(Excerpts from a dataset)
----------------------------------------
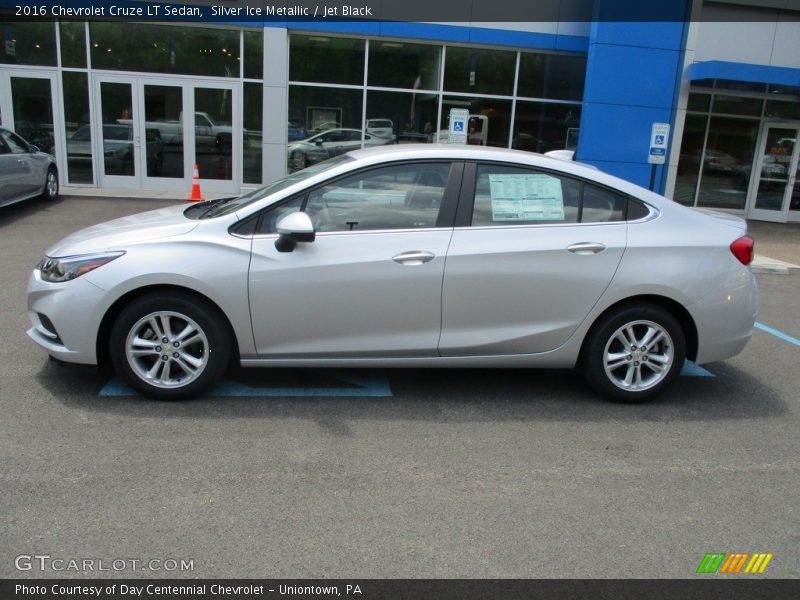 Silver Ice Metallic / Jet Black 2016 Chevrolet Cruze LT Sedan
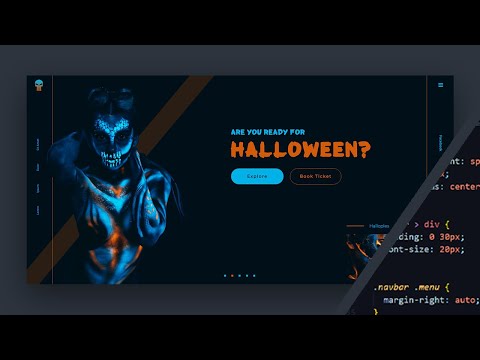 Event Landing Page | HTML, CSS & JAVASCRIPT (GSAP) | Web Design Speed Code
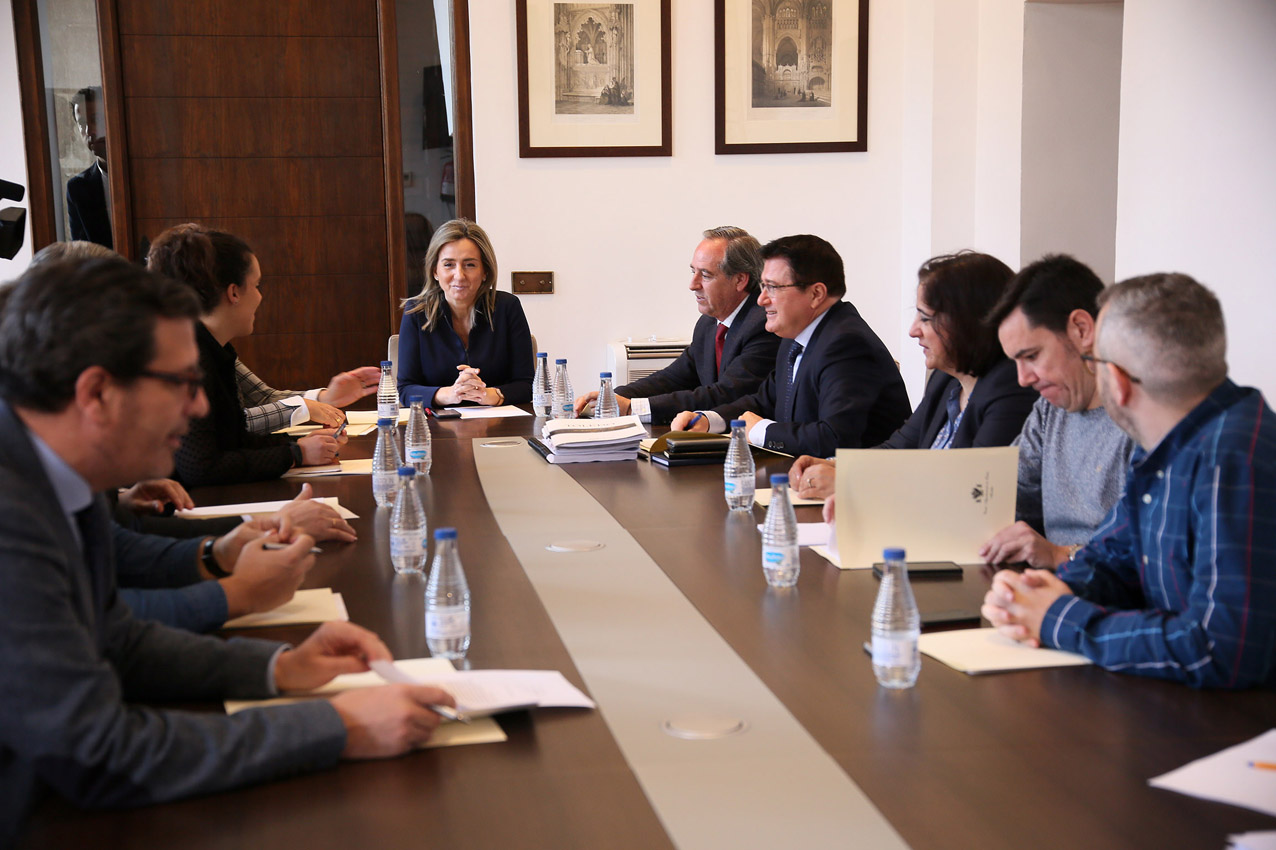 Reunión de la Comisión Institucional del Acuerdo por el Desarrollo Económico y el Empleo de la ciudad de Toledo.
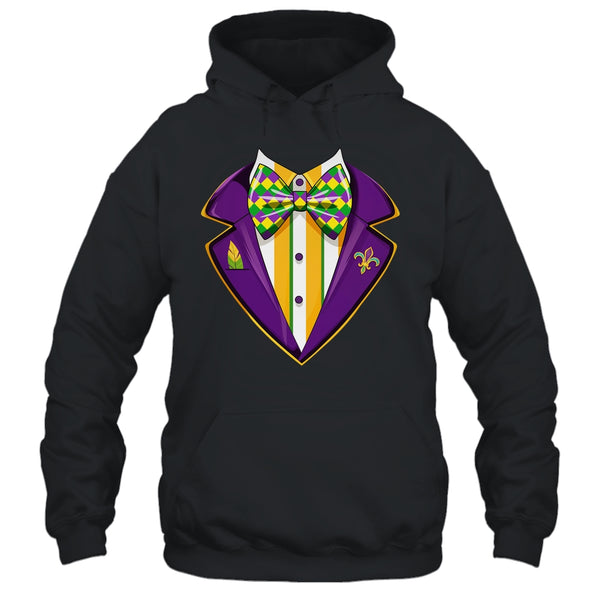 Mardi Gras Tuxedo Costume Funny Mardi Gras Carnival 2024 Pullover Hoodie Black 600x.jpg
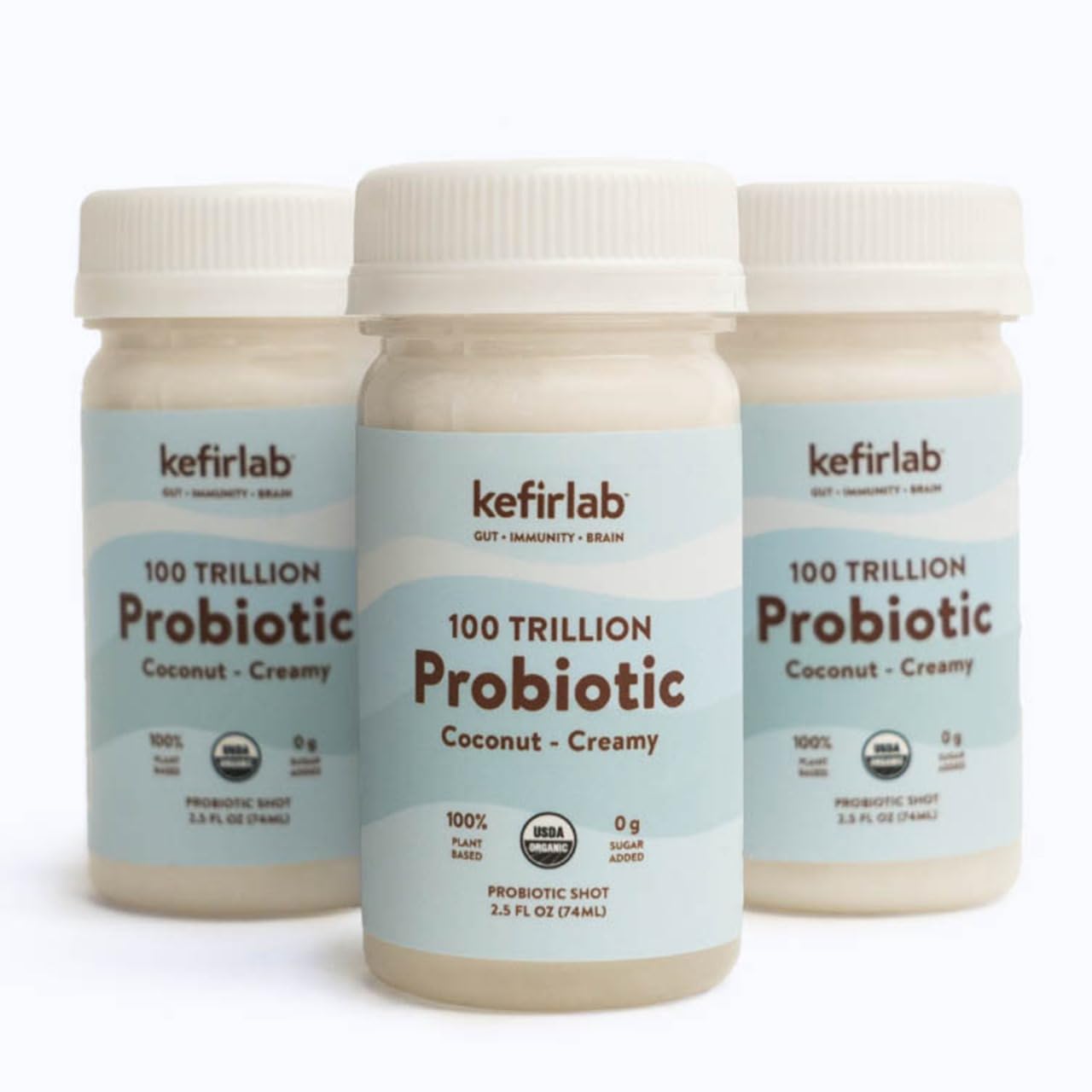 KefirLab Probiotics 100T CFU - 36 Strains - Vegan & Organic - Support Digestion, Immune System, Brain Health, Mood & Stress. Cre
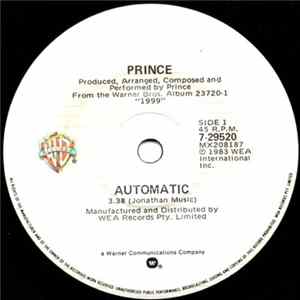 Prince - Automatic FLAC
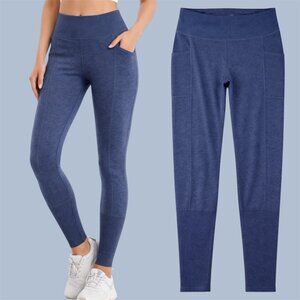 Threads 4 Thought blue heather high waist leggings M  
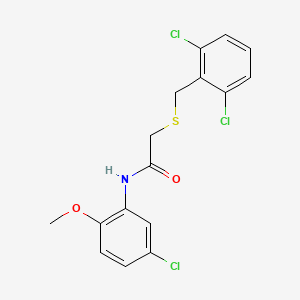 N-(5-chloro-2-methoxyphenyl)-2-[(2,6-dichlorobenzyl)sulfanyl]acetamide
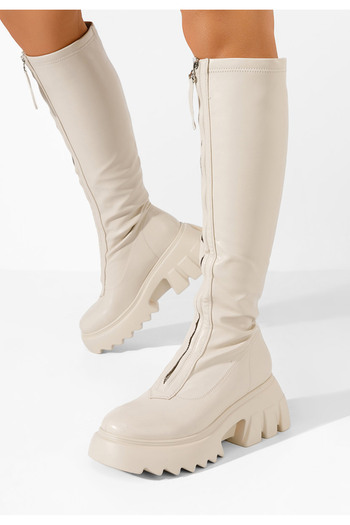 B T Shoes Ψηλές μπότες Danika μπεζ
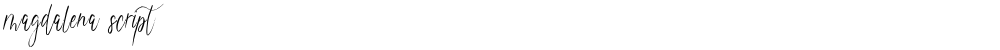 magdalena script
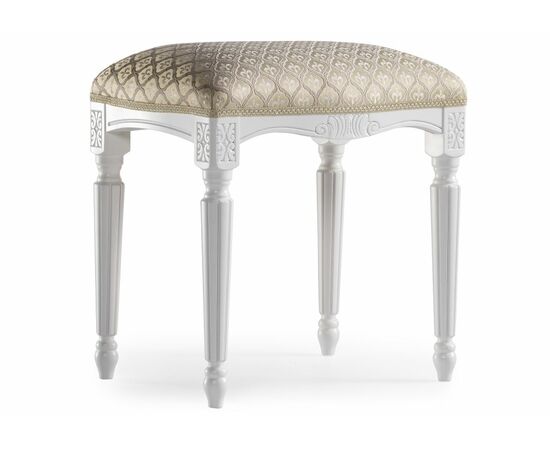 Банкетка Беттино белый / бежевый | Интернет магазин мебели и декора LifeDekor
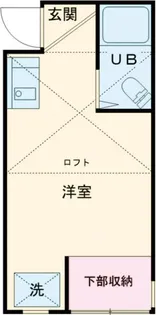 レジデンス中和泉B号棟【2階】の間取り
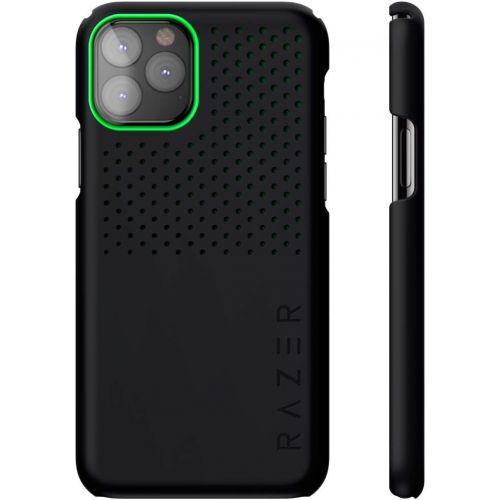 레이저 Razer Arctech Slim for iPhone 11 Pro Max Case: Thermaphene & Venting Performance Cooling - Wireless Charging Compatible - Matte Black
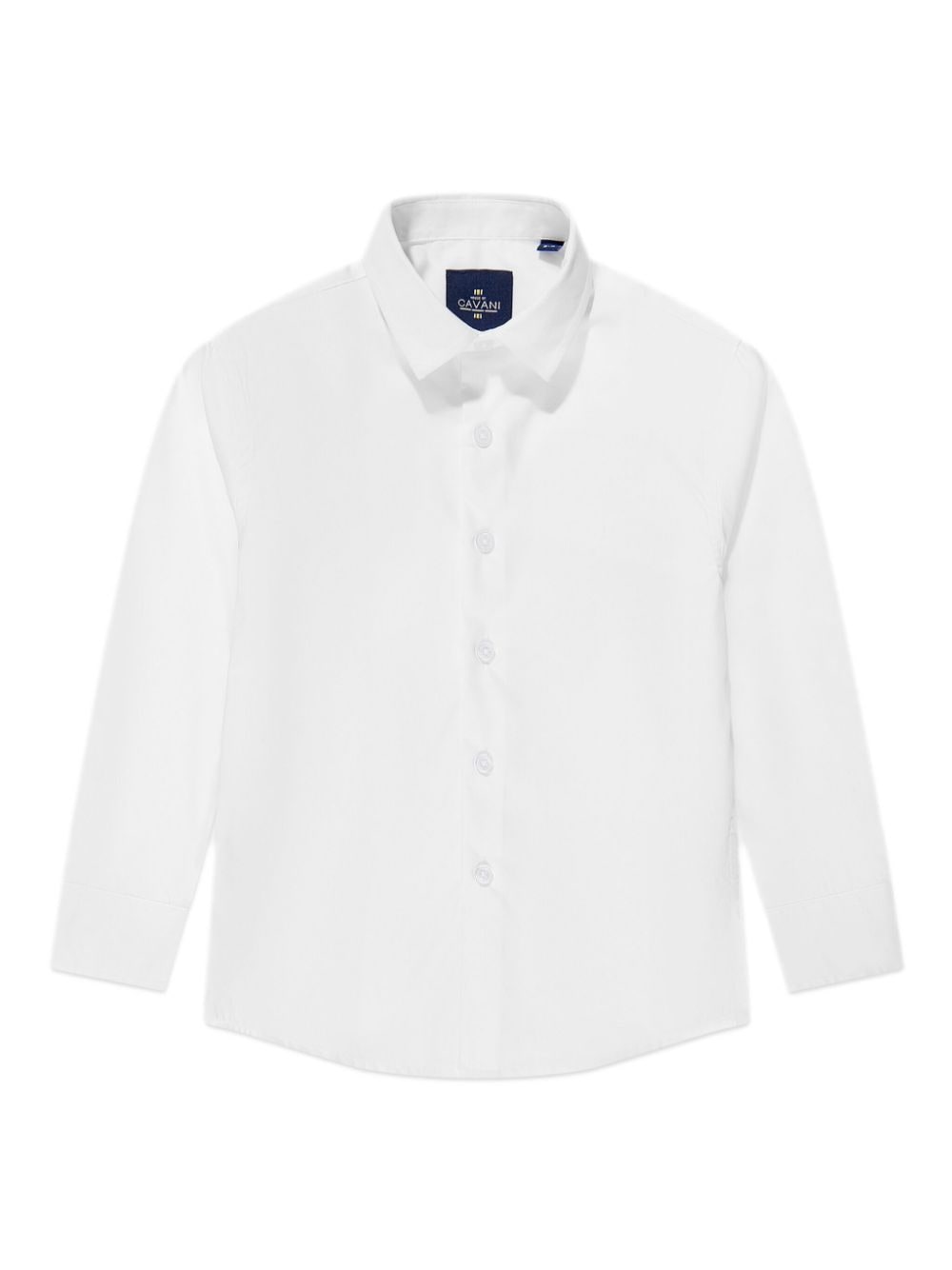 HOUSE OF CAVANI KIDS pointed-collar cotton shirt - White von HOUSE OF CAVANI KIDS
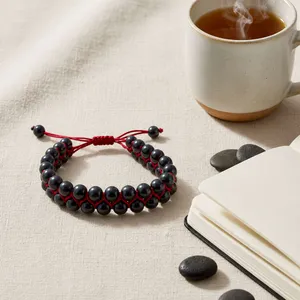 Karungali shani-mangal kawach bracelet with Free Selenite charging plate thumbnail 5c1c89aa8b41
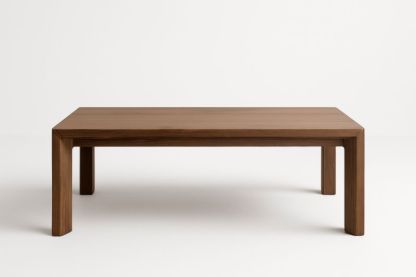 Table basse en bois noyer brun 120x60x40 cm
----------------------------------------
TASK
Transcribe exactly, and only, the lines from the one with "レジデンス中和泉B号棟【2階】の間取り" through the final line of the data above. The pictures stay out.

SOLUTION
 レジデンス中和泉B号棟【2階】の間取り
 레이저 Razer Arctech Slim for iPhone 11 Pro Max Case: Thermaphene & Venting Performance Cooling - Wireless Charging Compatible - Matte Black
 HOUSE OF CAVANI KIDS pointed-collar cotton shirt - White von HOUSE OF CAVANI KIDS
 Karungali shani-mangal kawach bracelet with Free Selenite charging plate thumbnail 5c1c89aa8b41
 Table basse en bois noyer brun 120x60x40 cm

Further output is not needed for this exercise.